**Task material:**
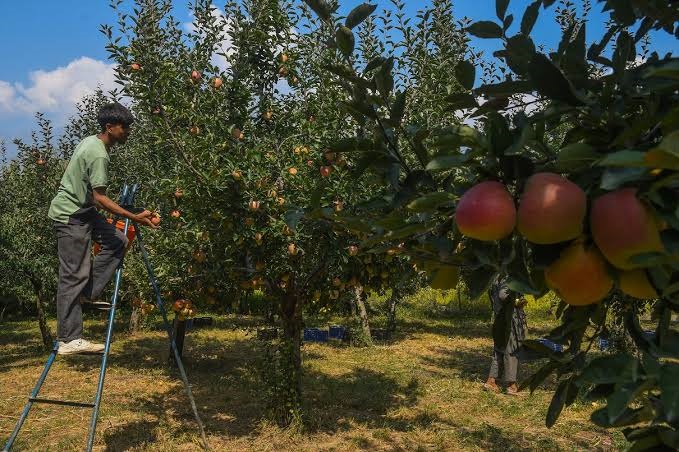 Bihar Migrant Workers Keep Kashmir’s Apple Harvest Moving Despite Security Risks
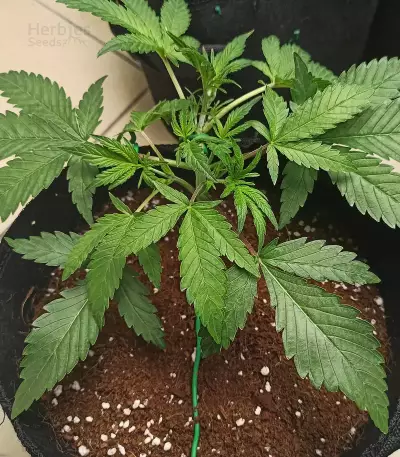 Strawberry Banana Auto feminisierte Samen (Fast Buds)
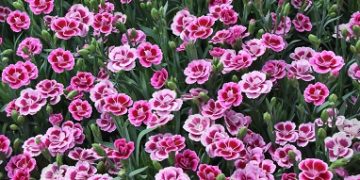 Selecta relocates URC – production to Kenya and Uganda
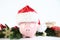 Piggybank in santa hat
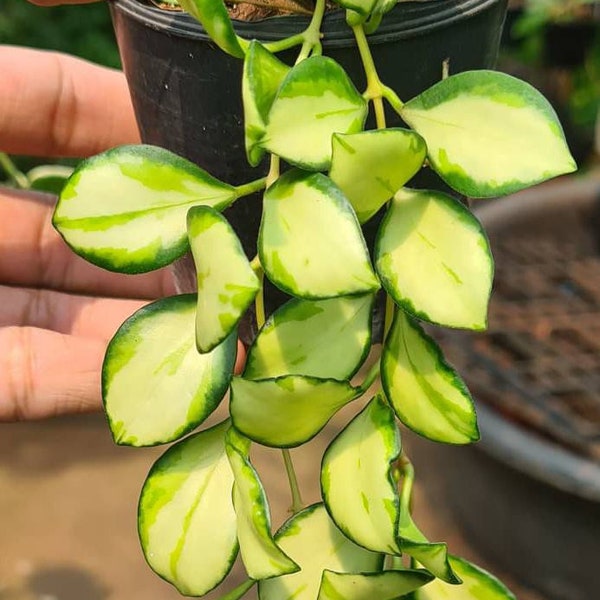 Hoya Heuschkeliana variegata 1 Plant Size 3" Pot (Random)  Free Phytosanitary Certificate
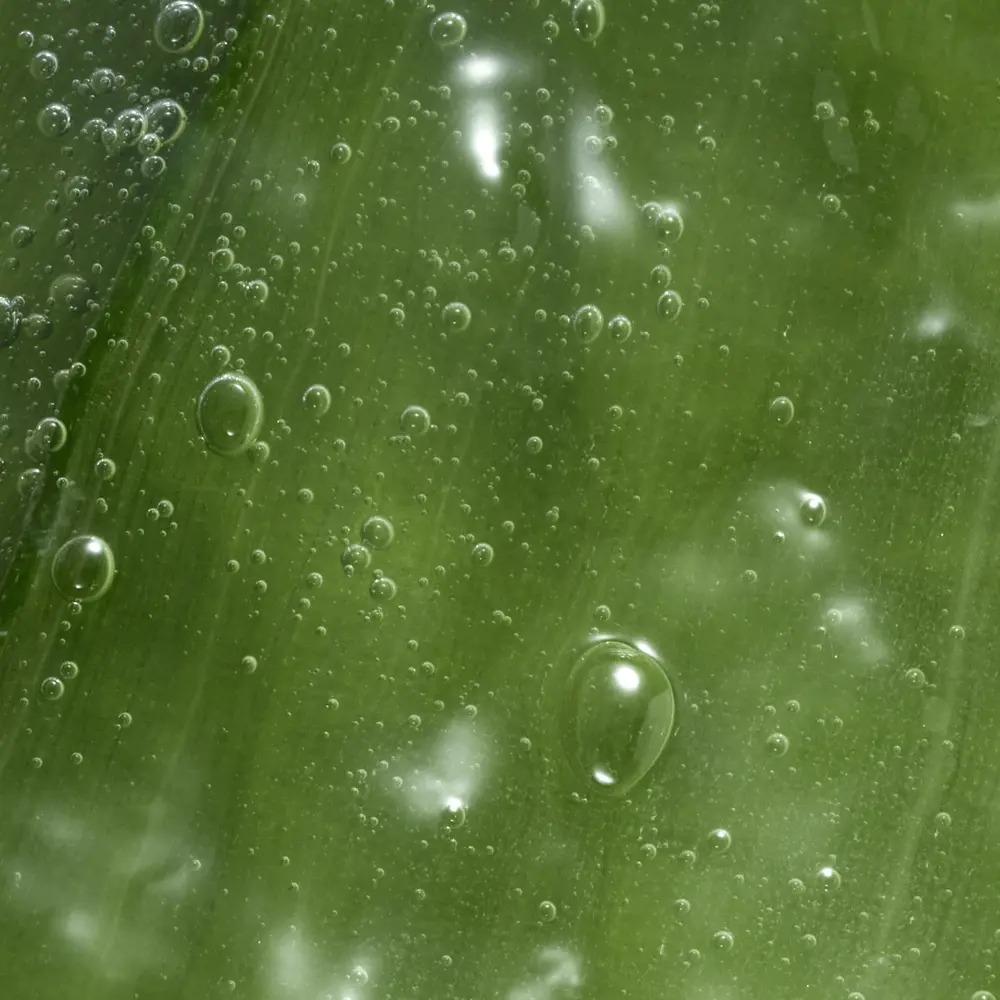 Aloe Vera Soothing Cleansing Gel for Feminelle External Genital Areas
* * *
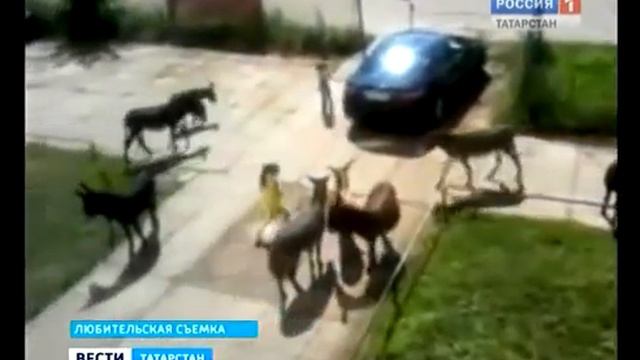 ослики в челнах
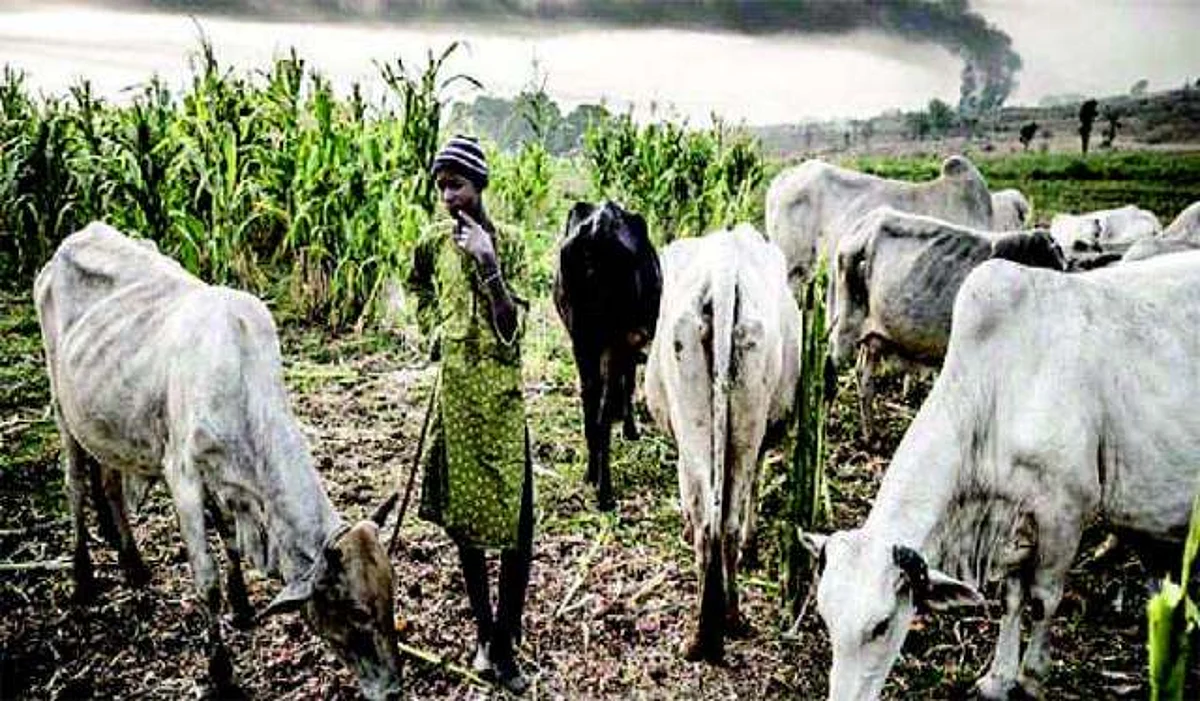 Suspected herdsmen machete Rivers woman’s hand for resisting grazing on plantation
--
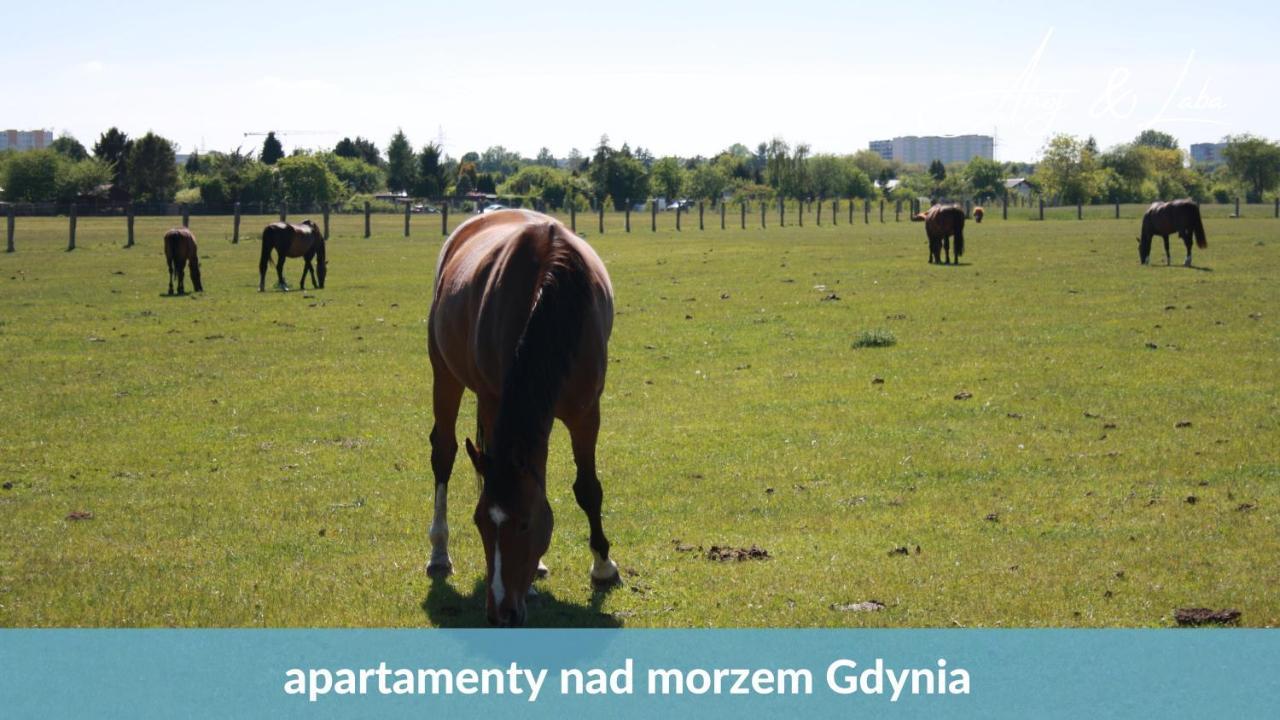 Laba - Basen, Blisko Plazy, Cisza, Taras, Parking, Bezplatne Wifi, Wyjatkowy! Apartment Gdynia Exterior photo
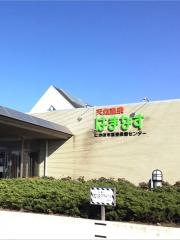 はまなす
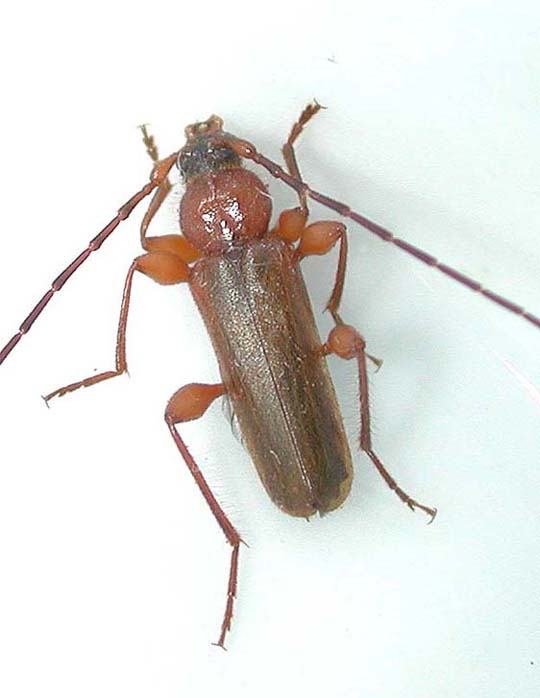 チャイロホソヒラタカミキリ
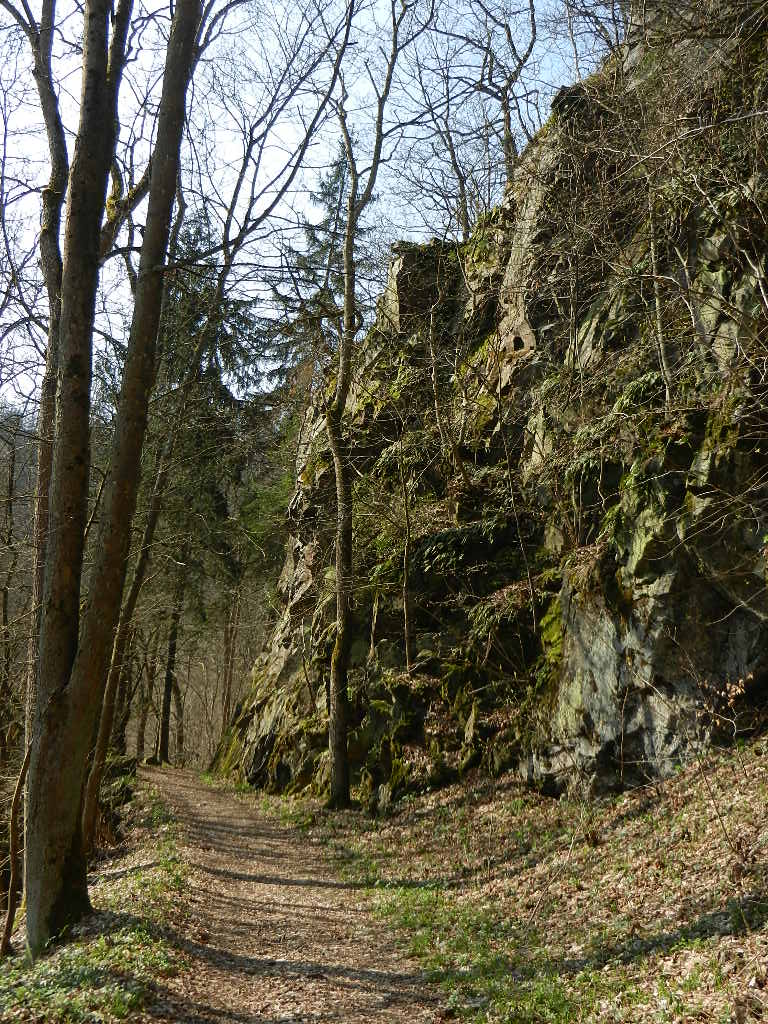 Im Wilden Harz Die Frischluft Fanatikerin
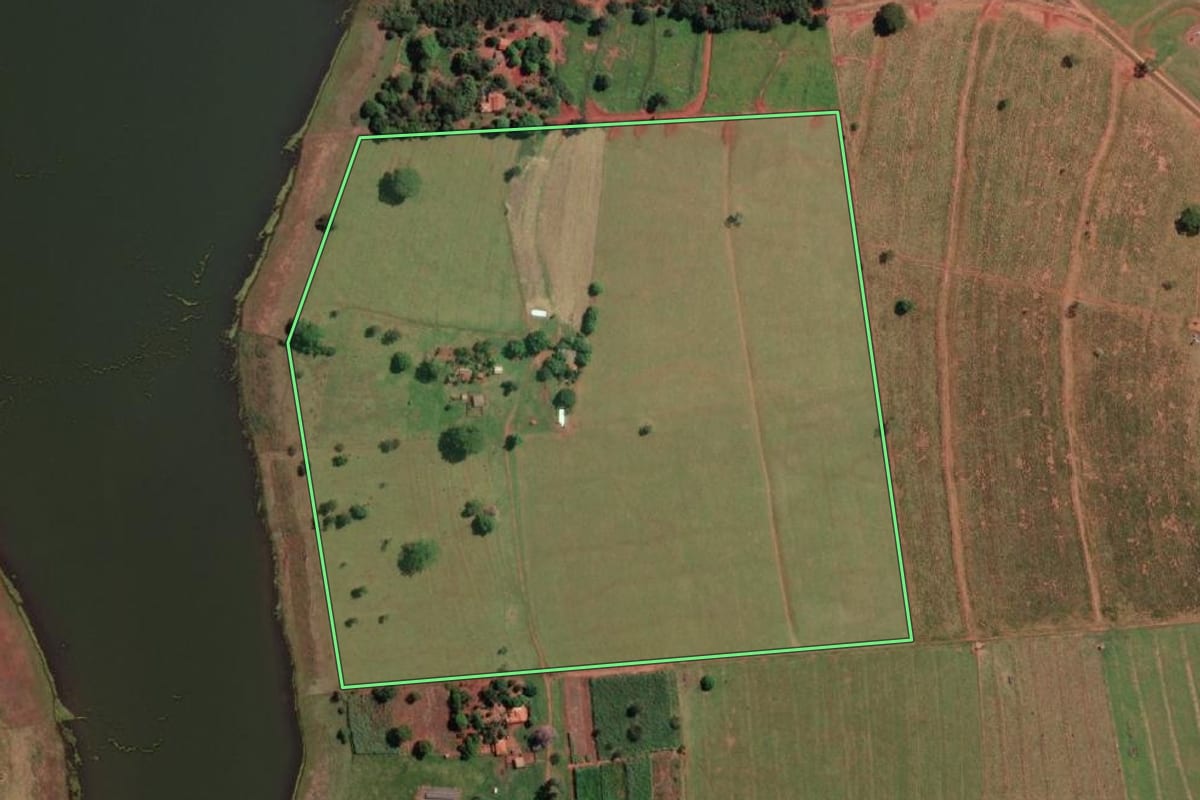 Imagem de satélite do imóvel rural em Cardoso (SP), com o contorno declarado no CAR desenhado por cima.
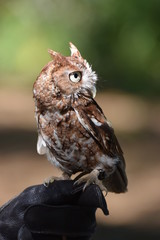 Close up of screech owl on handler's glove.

**Problem statement:**
What's needed is an exact copy of the records above from the line containing "ослики в челнах" down to the line containing "Suspected herdsmen machete", both included, without any pictures.

**Result of this task:**
 ослики в челнах
 Suspected herdsmen machete Rivers woman’s hand for resisting grazing on plantation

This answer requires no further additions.